R. Me dolió que en aquel momento se viese como una noticia de corazón: “Marichalar viaja en Blablacar”, cuando en realidad era una autocrítica a los que a veces bajamos la cabeza cuando se dan situaciones de abuso de poder. Lo reescribiría de modo que quedase más claro que el punto principal fue que no fui capaz de decirle algo a ese señor que no respetó al resto de pasajeros. Y que debería haberlo hecho.
P. ¿Y ahora sí se atrevería?
R. En mi vida recuerdo mucho el momento Marichalar y la furia que sentí, que no pude manejar bien. Con la edad vas aprendiendo a manejar tu ira en tu favor, a responder en situaciones de abuso hacia ti o hacia otros.
P. Su pareja se va con usted a Estados Unidos. Hay muchísimos autores que han podido escribir gracias a los cuidados de sus esposas ¿Se han dado la vuelta los roles?
R. En mi caso, un poco sí. De hecho, cuando pedimos el visado nos dábamos cuenta de que nos hubiese dado mucho menos miedo en las entrevistas explicar “lo heteronormativo”: que era él quien había recibido la beca y yo era su consorte.

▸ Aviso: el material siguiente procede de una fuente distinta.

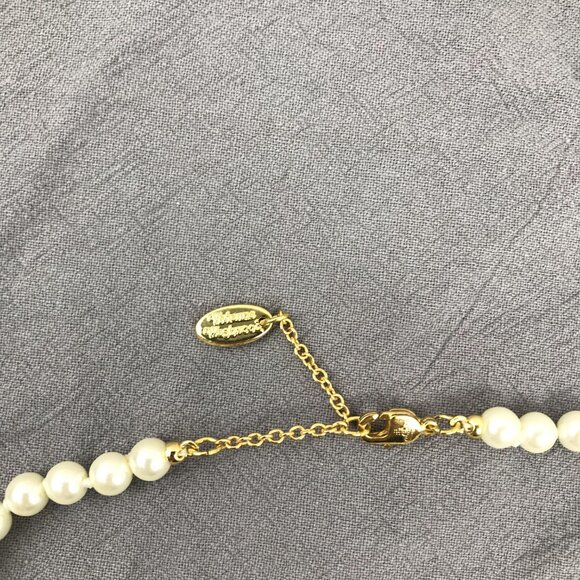💎Vivienne Westwood Gold Safety Pin Pearl Necklace💎 - Picture 4 of 11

Incluso mucha gente le pregunta con sorpresa: “¿Pero tú qué vas hacer allí?”. Y él dice: “Voy a trabajar en mis proyectos personales y a cuidar de mi pareja”.
P. Una de sus autoras favoritas es Lydia Davis, que estuvo casada una temporada con Paul Auster. ¿Usted qué tal llevaría estar casada con un escritor tan brillante como usted?
P. Bueno, a mí es que Paul Auster me parece bien, pero Lydia es millones de veces mejor [risas].